著者 松田康生(まつだやすお)楽天ウォレットシニアアナリスト
東京大学経済学部で国際通貨体制を専攻。三菱UFJ銀行・ドイツ銀行グループで為替・債券のセールス・トレーディング業務に従事。2018年より暗号資産交換業者で暗号資産市場の分析・予想に従事、2021年のピーク800万円、年末500万円と予想、ほぼ的中させる。

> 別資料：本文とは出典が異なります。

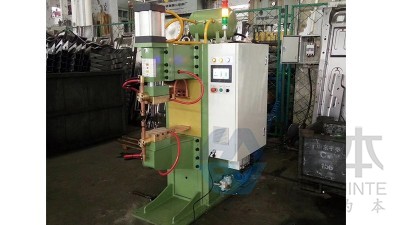 青島焊本為客戶安裝調(diào)試M16法蘭螺母中頻點(diǎn)焊機(jī)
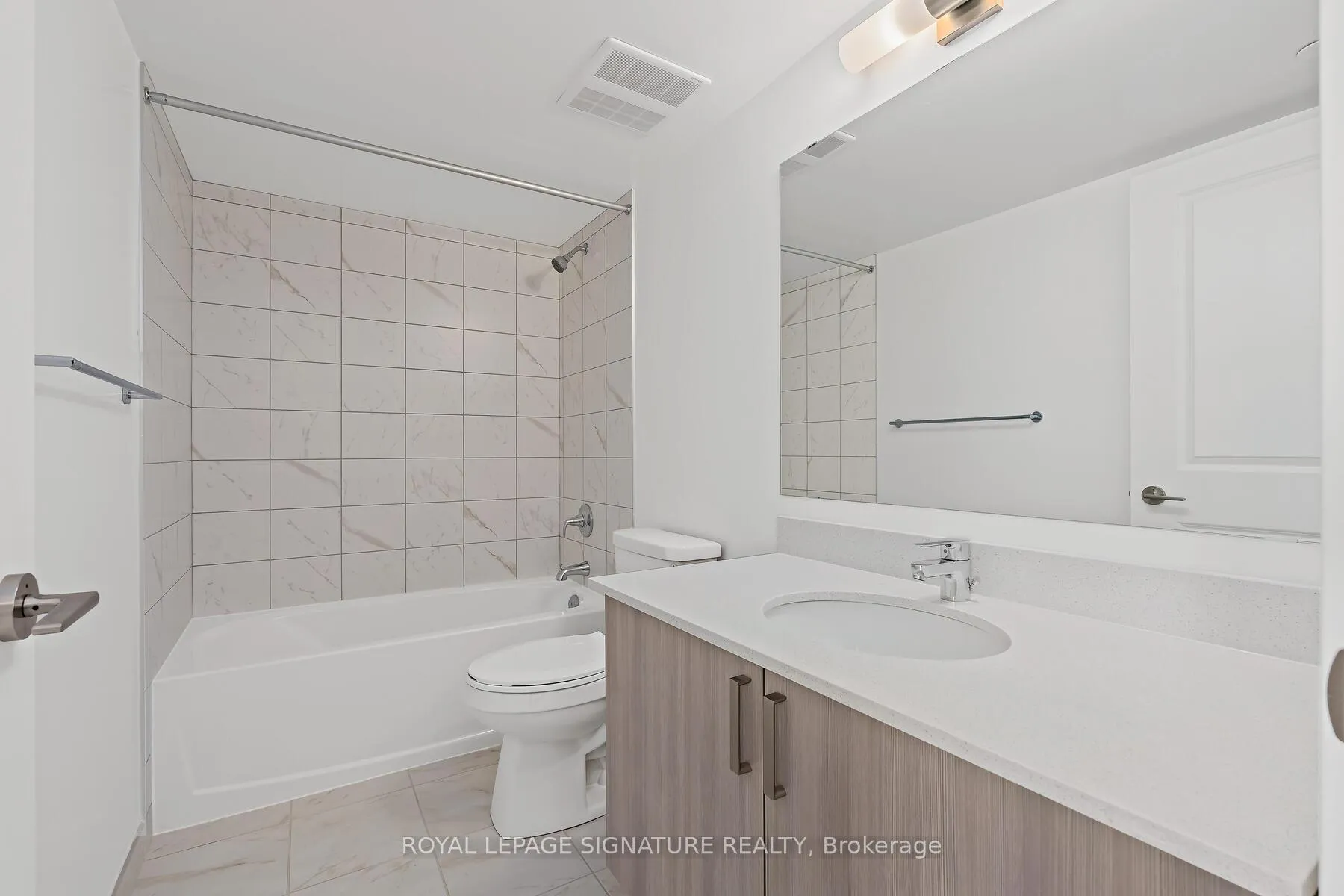 Photo 13 of Unit 405, 1010 Sandy Beach Road, Pickering, Bay Ridges — HOMEH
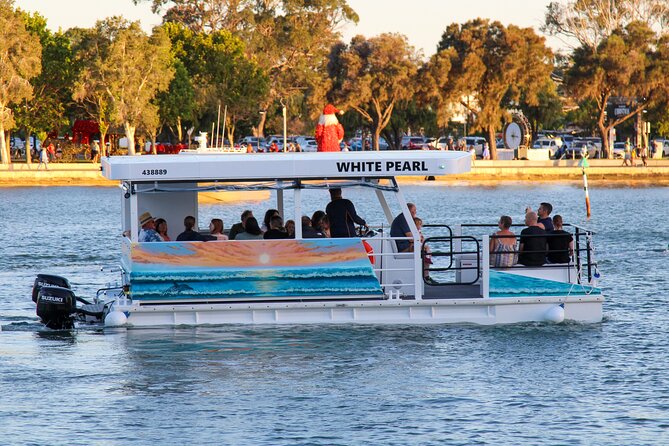 1 Hour Deluxe Scenic Dolphin Cruise - Who should book the White Pearl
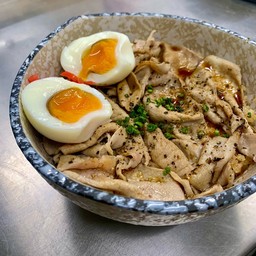 ข้าวหน้าหมูชาบูย่างไฟไข่ต้ม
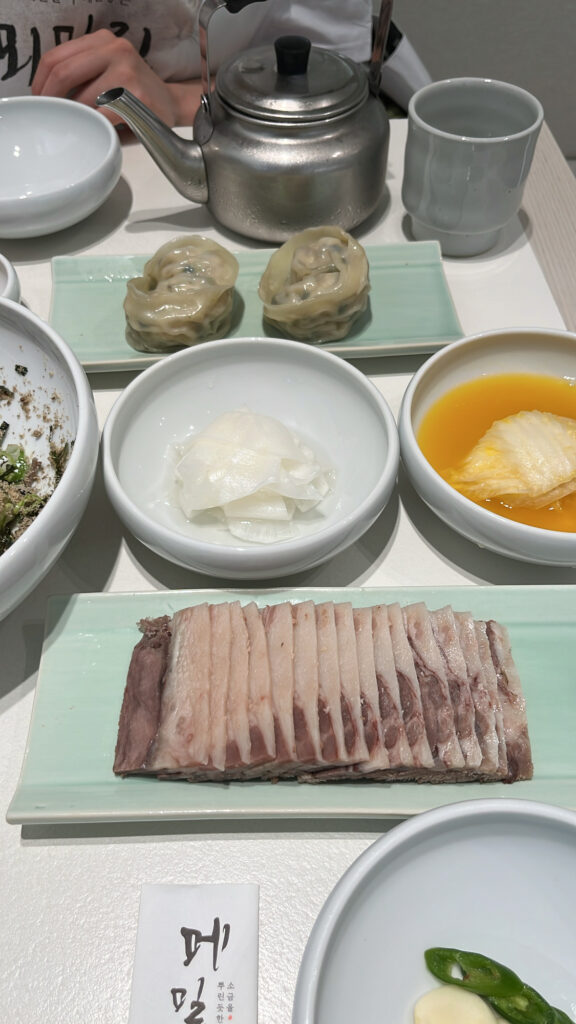 Slices of boiled pork (pyeonyuk) served at Moemiljip Busan
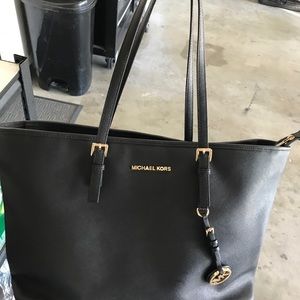 Michael Kors multifunctional travel tote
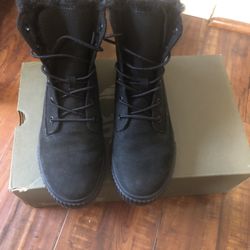 Brand New In Box Timberland Suede Boots , 7 1/2, Black 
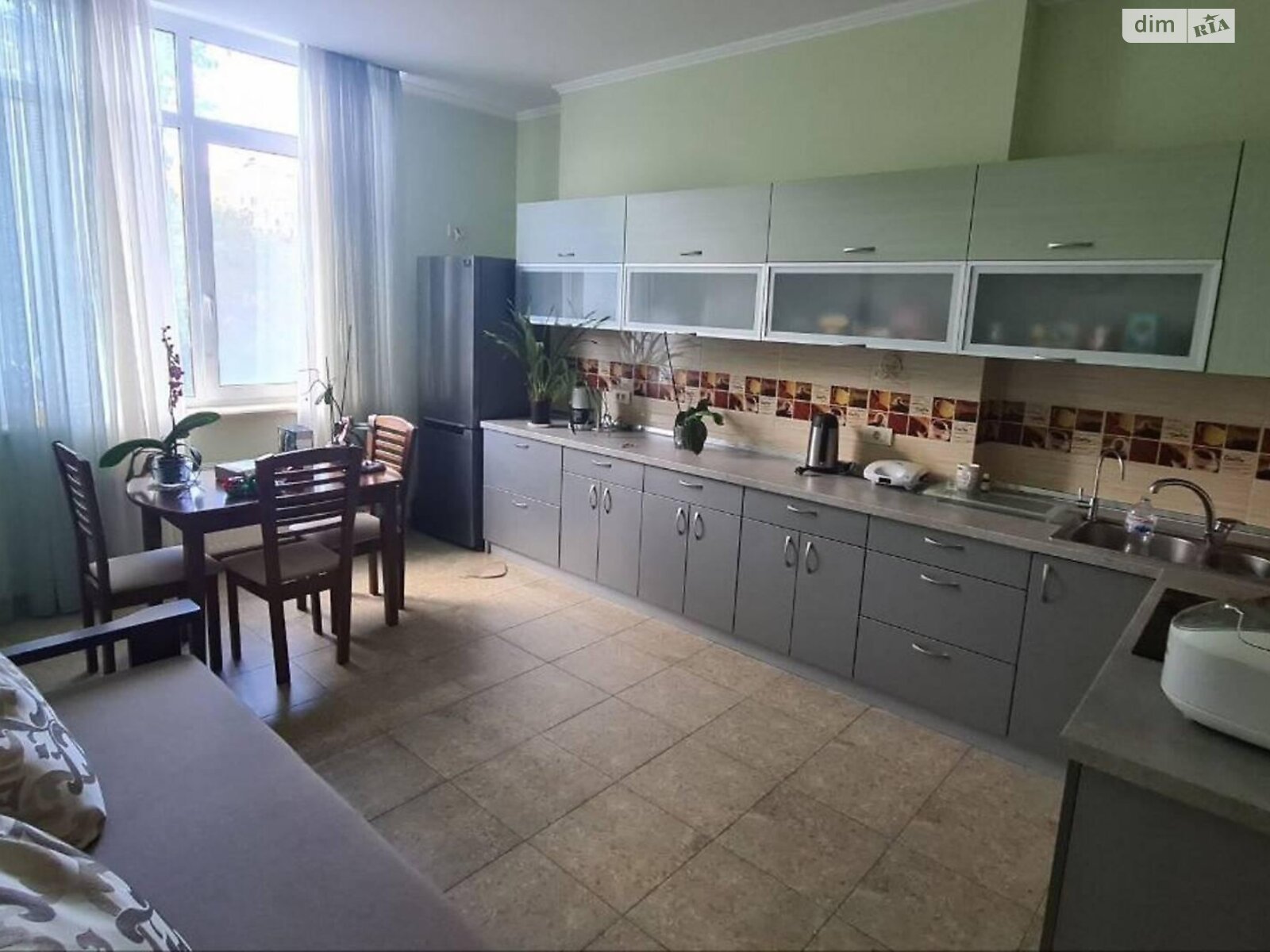 Продажа однокомнатной квартиры в Одессе, на бул. Французский, район Приморский фото 1 Продажа однокомнатной квартиры в Одессе, на бул. Французский, район Приморский фото 1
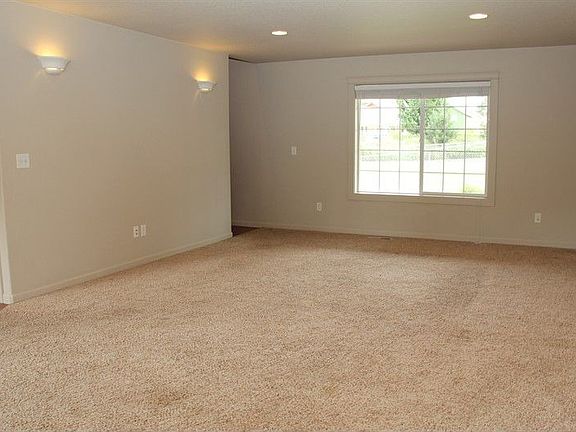 4th image of 5212 NE 28th Ct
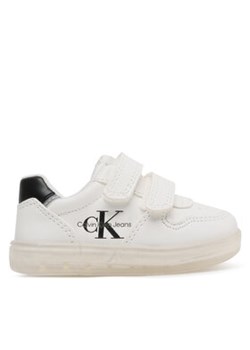 Calvin Klein Jeans Sneakersy V1X9-80546-1355 S Biały ze sklepu MODIVO w kategorii Buty sportowe dziecięce - zdjęcie 170863812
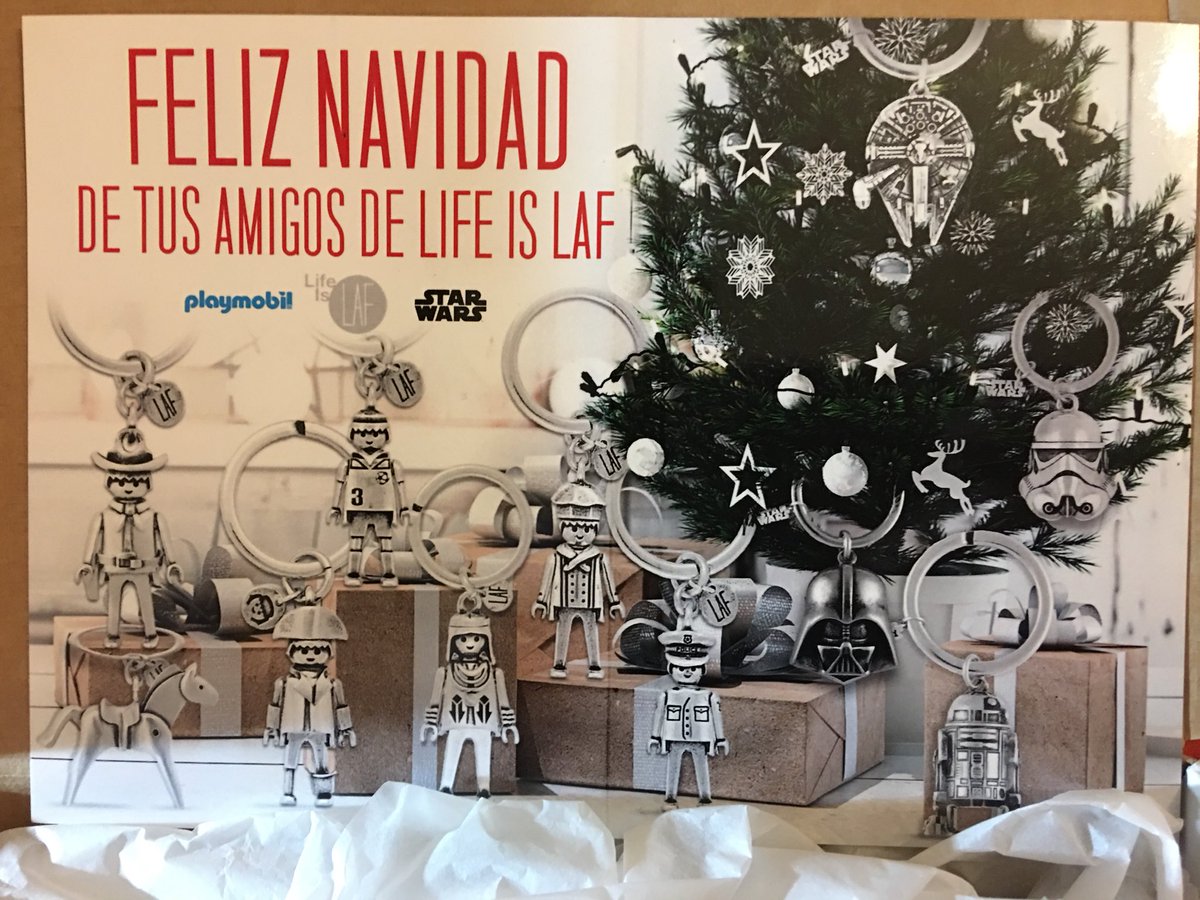 elmonaguillo's tweet photo. He alucinado con lo que me han mandando mis amigos de @LIFEisLAF ....como fan de Star Wars casi lloro. Y voy a pedir algunos más de la colección!!! https://t.co/DyzzKJAgIj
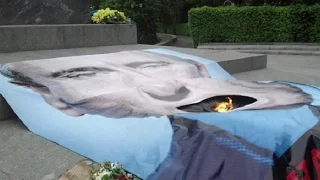 В Киеве портретом Путина накрыли Вечный огонь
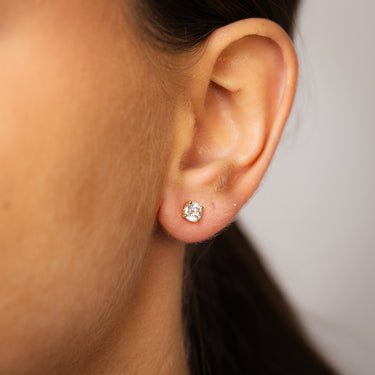 1 Carat Diamond Solitaire Stud Earrings in 9ct Yellow Gold
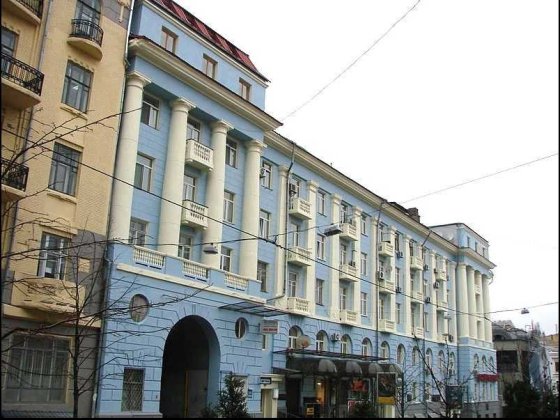 Продажа 8 кім квартири Є.Чикаленка 20а, Центр, м.Театральна Киев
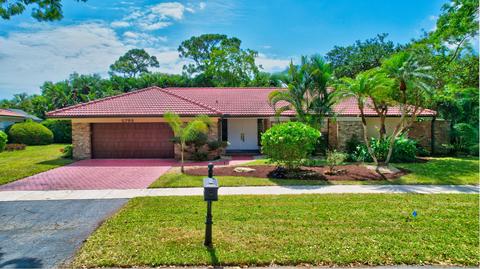 6798 Viento Way, Boca Raton, FL 33433
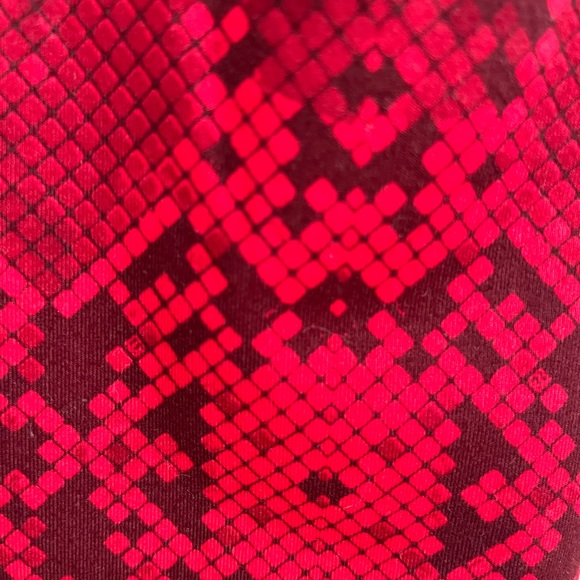 Lululemon wunder under hi-rise ziggysnake print. Color: Ride tide cranberry - Picture 14 of 16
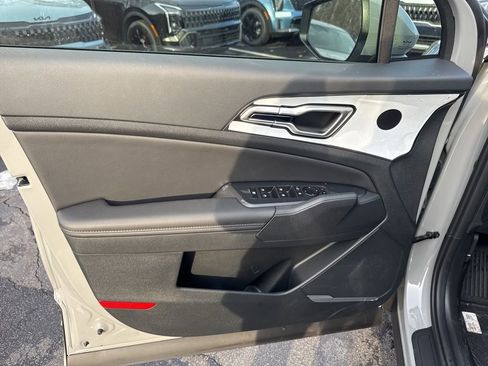 New 2026 Kia Sportage EX image 10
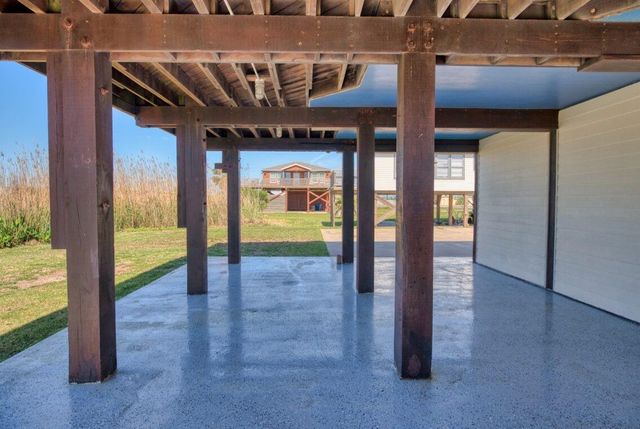 203 Francis Cove, Surfside Beach, TX 77541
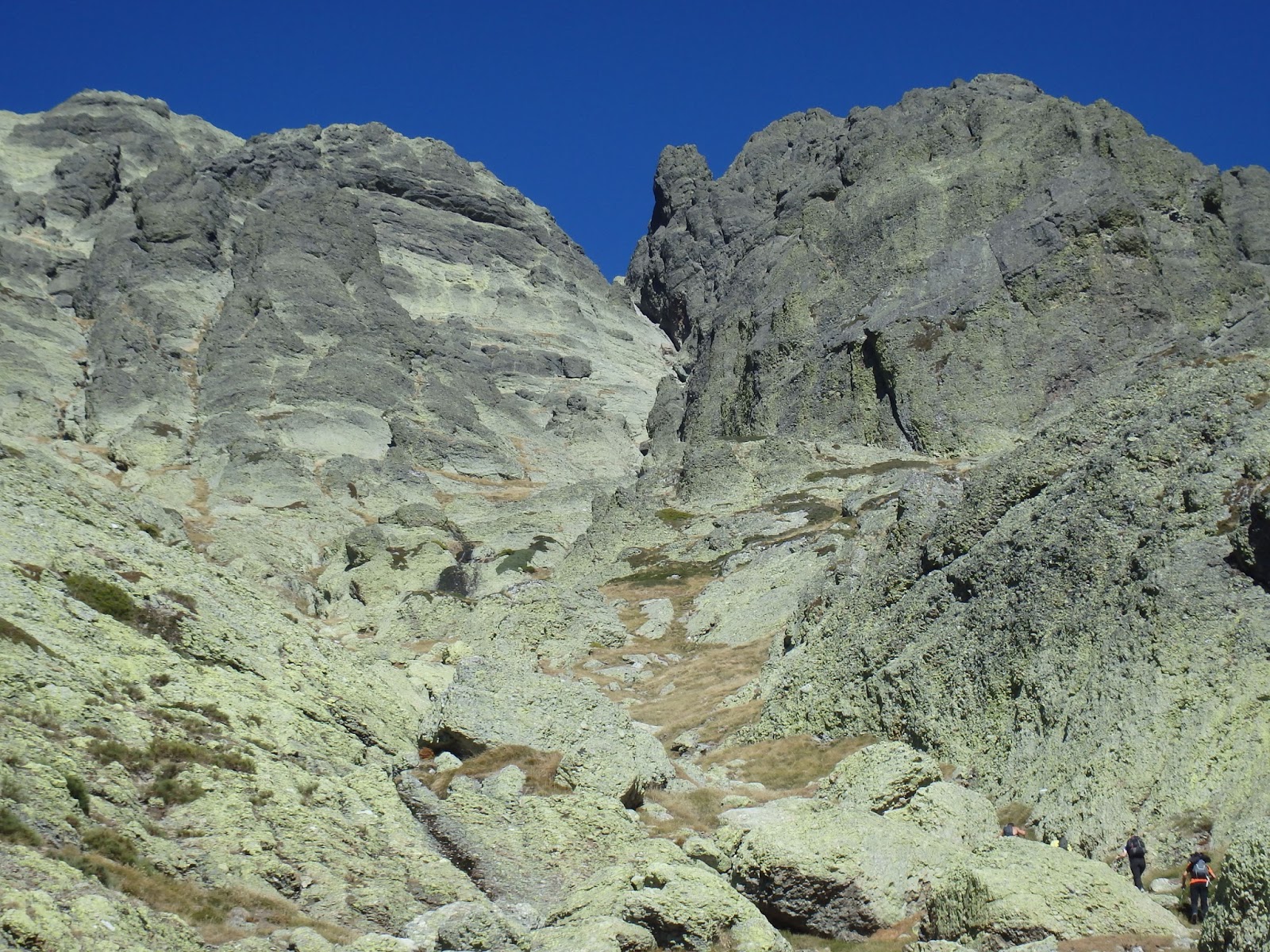 GLORIA O RAPEL: Canal Sur al Pico Medio y Cumbre Principal Curavacas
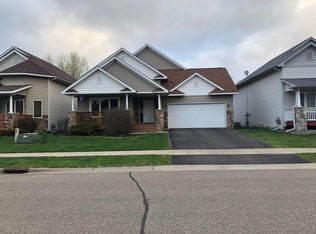 707 7th St, Chaska, MN 55318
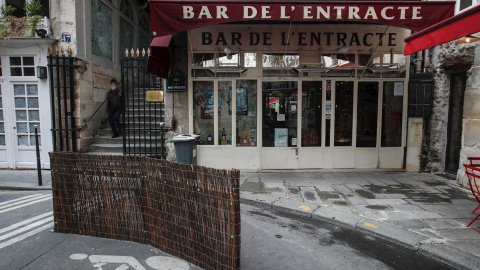 Un bar cerrado en París. - EFE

2022年1月より現職。
ポイント
・31,000ドル突破、年初来高値更新
・コインベースへの訴訟却下とレバ型先物ETF承認
・ワグネル進軍による露内戦懸念浮上するも衝突回避
・オプション・先物期日集まる金曜日に動意あるか?
昨日のBTC相場
週末のBTC相場は上昇。
金曜日から土曜日未明にかけて31,000ドル(約440万円)乗せに成功、年初来高値を更新したが、その後は上値の重い展開が続いている。
BTCは、ブラックロックの現物ETF申請を皮切りに、相次ぐ金融機関の参入を好感、順調に値を伸ばしてきた。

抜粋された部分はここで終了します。